[PROBLEM TO SOLVE]: Read the records below. Copy each line where the string "Apartment" occurs.

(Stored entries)
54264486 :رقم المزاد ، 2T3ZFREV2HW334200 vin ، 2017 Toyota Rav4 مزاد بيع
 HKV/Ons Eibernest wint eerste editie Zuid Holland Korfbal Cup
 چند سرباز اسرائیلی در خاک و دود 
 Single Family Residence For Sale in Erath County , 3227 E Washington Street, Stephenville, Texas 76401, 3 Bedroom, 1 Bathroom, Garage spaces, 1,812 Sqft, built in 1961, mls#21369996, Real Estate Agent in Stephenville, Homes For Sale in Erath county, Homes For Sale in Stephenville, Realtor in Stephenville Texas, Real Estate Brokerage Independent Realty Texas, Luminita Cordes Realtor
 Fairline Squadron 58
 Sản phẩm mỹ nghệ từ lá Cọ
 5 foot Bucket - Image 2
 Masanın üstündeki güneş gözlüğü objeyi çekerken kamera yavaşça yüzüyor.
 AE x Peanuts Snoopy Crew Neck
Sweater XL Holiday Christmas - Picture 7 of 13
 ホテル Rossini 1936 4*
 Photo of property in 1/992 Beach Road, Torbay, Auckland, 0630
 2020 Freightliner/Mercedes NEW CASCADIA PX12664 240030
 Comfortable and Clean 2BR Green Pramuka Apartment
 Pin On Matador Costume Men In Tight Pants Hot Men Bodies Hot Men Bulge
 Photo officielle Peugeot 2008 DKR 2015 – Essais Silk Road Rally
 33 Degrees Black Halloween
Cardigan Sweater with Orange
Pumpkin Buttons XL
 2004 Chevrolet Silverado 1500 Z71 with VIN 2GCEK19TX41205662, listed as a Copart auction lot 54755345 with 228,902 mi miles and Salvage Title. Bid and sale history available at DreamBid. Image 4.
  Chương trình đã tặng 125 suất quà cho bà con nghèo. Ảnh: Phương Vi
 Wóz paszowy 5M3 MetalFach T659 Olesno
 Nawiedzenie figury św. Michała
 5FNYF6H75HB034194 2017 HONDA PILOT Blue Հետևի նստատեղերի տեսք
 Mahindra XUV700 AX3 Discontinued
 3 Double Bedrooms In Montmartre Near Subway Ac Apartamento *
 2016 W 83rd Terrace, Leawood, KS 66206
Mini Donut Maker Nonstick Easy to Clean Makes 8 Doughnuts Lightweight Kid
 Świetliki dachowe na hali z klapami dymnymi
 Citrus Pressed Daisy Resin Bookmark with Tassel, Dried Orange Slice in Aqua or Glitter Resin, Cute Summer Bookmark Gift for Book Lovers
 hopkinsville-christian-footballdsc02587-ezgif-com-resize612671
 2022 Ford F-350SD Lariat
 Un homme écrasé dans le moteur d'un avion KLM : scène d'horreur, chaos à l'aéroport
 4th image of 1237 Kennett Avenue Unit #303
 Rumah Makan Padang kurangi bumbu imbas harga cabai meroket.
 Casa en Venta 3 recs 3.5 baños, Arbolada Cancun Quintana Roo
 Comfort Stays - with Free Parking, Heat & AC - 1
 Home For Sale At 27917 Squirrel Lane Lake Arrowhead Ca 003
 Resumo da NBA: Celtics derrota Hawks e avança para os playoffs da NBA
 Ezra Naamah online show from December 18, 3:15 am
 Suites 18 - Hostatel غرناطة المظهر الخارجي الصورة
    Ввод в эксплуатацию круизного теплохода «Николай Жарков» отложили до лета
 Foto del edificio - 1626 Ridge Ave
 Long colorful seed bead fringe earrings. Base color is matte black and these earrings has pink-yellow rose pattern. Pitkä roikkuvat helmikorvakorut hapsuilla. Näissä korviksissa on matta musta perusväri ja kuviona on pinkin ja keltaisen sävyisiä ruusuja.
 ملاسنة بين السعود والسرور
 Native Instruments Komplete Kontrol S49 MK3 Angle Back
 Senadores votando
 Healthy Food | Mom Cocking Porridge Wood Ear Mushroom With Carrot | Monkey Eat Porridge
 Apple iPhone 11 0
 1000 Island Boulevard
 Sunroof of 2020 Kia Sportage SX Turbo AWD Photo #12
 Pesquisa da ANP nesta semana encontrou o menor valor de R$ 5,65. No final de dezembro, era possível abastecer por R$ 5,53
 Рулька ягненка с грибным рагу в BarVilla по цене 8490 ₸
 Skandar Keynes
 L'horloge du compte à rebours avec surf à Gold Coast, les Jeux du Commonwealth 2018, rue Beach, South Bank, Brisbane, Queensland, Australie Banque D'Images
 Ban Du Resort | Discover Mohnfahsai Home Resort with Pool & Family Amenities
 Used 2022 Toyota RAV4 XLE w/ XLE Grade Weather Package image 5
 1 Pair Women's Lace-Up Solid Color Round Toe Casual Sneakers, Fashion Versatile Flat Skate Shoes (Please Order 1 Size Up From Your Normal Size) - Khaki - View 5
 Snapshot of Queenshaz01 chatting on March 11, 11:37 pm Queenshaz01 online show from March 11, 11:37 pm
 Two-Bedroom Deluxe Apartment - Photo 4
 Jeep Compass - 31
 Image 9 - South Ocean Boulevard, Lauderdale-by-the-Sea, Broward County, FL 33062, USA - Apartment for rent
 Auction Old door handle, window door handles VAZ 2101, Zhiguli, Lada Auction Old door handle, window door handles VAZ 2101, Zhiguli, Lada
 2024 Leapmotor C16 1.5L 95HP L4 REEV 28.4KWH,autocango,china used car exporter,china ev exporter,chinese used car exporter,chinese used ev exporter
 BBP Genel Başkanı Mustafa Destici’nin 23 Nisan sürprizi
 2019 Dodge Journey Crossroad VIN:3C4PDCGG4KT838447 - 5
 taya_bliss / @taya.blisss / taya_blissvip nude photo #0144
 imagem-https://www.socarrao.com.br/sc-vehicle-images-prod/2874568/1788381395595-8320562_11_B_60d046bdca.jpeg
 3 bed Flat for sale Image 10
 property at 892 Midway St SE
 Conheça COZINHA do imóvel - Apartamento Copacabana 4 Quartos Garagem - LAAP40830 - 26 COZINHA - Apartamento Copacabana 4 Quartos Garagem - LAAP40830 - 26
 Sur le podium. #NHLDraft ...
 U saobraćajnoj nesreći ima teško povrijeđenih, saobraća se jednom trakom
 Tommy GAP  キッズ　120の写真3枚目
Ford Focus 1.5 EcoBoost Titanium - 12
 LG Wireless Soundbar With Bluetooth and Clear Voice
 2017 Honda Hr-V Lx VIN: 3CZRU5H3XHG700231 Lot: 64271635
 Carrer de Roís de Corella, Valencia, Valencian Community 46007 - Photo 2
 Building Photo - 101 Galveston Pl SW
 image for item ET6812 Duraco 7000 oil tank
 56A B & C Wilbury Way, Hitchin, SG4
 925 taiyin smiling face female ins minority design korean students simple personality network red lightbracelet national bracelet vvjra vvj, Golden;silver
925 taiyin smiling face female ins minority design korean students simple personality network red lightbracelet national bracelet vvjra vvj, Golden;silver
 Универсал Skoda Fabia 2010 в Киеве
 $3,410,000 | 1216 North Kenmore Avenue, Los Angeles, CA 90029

[EXERCISE RESPONSE]:
 Comfortable and Clean 2BR Green Pramuka Apartment
 Two-Bedroom Deluxe Apartment - Photo 4
 Image 9 - South Ocean Boulevard, Lauderdale-by-the-Sea, Broward County, FL 33062, USA - Apartment for rent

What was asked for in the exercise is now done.